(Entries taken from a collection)
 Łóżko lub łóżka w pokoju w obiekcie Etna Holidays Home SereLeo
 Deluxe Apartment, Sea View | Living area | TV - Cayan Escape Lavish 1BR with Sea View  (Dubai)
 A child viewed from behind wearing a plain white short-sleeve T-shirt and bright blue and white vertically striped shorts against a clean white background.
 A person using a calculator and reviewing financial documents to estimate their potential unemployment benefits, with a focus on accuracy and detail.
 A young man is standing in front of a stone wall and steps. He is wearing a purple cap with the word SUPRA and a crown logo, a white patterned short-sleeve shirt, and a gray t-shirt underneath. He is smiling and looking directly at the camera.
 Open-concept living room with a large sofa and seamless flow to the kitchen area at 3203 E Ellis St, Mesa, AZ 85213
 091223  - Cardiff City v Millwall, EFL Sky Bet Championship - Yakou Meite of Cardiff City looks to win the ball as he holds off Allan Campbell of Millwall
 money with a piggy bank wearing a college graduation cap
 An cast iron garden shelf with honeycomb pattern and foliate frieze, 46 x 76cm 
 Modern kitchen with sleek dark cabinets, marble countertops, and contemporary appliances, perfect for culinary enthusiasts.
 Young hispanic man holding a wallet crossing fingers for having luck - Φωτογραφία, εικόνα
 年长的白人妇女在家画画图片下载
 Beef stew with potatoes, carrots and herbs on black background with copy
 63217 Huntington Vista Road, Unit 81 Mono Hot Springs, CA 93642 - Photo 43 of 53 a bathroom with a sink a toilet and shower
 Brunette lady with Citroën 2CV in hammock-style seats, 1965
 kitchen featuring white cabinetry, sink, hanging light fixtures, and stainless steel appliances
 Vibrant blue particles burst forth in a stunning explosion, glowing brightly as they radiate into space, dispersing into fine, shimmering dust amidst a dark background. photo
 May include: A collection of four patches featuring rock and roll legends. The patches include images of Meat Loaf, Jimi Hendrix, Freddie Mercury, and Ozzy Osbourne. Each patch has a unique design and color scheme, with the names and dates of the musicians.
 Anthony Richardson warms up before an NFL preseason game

WHAT IS REQUIRED: The line with "Young hispanic man" and every line after it up to the end of the entries: output those exactly, and only those.

PROBLEM SOLUTION:
 Young hispanic man holding a wallet crossing fingers for having luck - Φωτογραφία, εικόνα
 年长的白人妇女在家画画图片下载
 Beef stew with potatoes, carrots and herbs on black background with copy
 63217 Huntington Vista Road, Unit 81 Mono Hot Springs, CA 93642 - Photo 43 of 53 a bathroom with a sink a toilet and shower
 Brunette lady with Citroën 2CV in hammock-style seats, 1965
 kitchen featuring white cabinetry, sink, hanging light fixtures, and stainless steel appliances
 Vibrant blue particles burst forth in a stunning explosion, glowing brightly as they radiate into space, dispersing into fine, shimmering dust amidst a dark background. photo
 May include: A collection of four patches featuring rock and roll legends. The patches include images of Meat Loaf, Jimi Hendrix, Freddie Mercury, and Ozzy Osbourne. Each patch has a unique design and color scheme, with the names and dates of the musicians.
 Anthony Richardson warms up before an NFL preseason game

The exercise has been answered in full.